Dundalk, Newry, Greenore Railway

“As motor boat trips along the Ship Canal go, ours was relatively eventful.  We met no sea-going cargo ship …


but we had checked against this eventuality.  We’d have been safe enough anyway, for there is room for two such large vessels to pass (with little enough to spare) even outside of the aforementioned ‘turnaround’ area. 

A clattering noise attracted our attention and a train appeared from behind us, on its way to the port of Greenore.  Some forty years before a similar train had ferried passengers bound for England and ports beyond to Greenore for disembarkation on the Connemara – all of whom perished in the cold, stormy waters at Cranfield when that liner collided with the coal-importing Retriever, a boat out of Newry!
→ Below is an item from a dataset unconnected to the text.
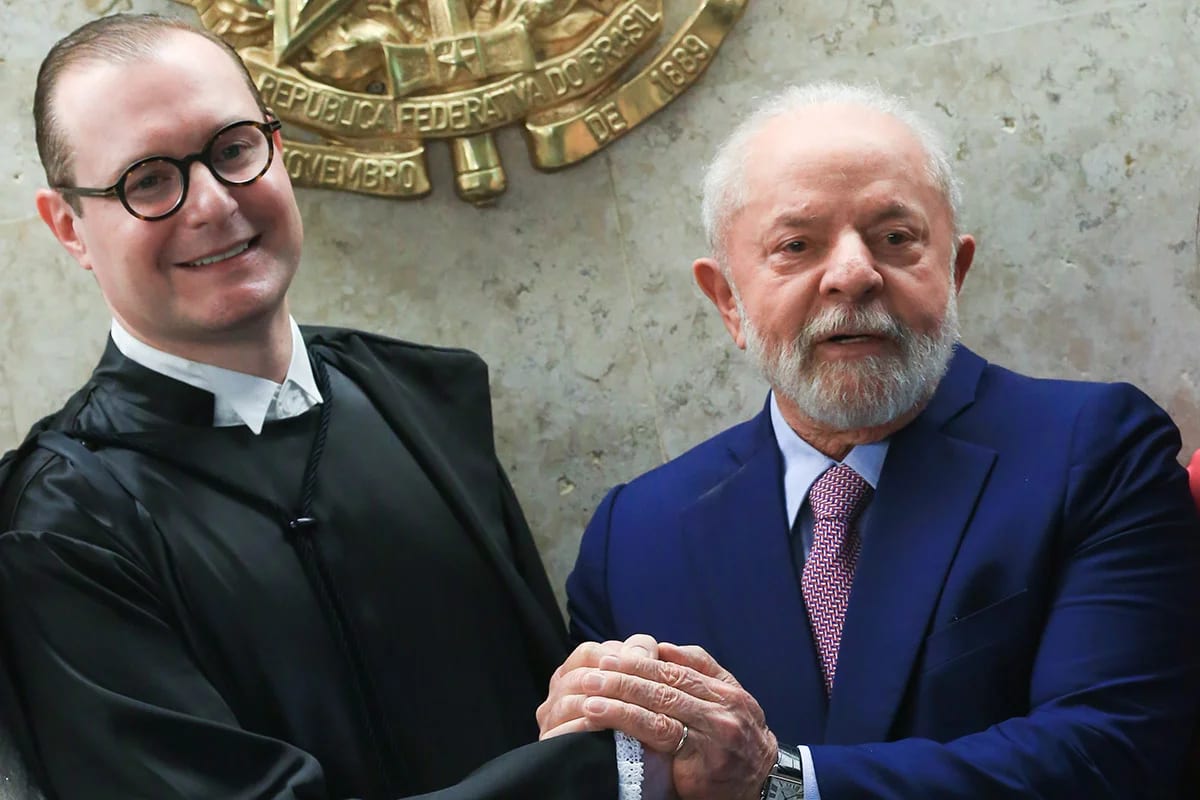 Sogro de ministro Zanin doou R$5 mil a deputado petista em SP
This train was drawn by an old saddle-tank engine made – as far back as 1873 – in Crewe.  It still hauled the white-panelled carriages bearing the letters D.N.G.R.   These initials once puzzled David Lloyd George, Prime Minister of England.  He was travelling through the English Midlands in a first-class carriage of the London, Midland and Scottish.  He noticed a white cushion cover on the carriage wall opposite but neither he, nor his companions could decypher the letters D.N.G.R. on it. 

A car attendant explained that they stood for Dundalk, Newry and Greenore Railway, a branch of the old London and North Western system incorporated in the L.M.S.  The Great Northern Railway (G.N.R.) runs that line today.  Live cattle too are transported to Greenore by rail for export to England, there to be slaughtered and processed before consumption.”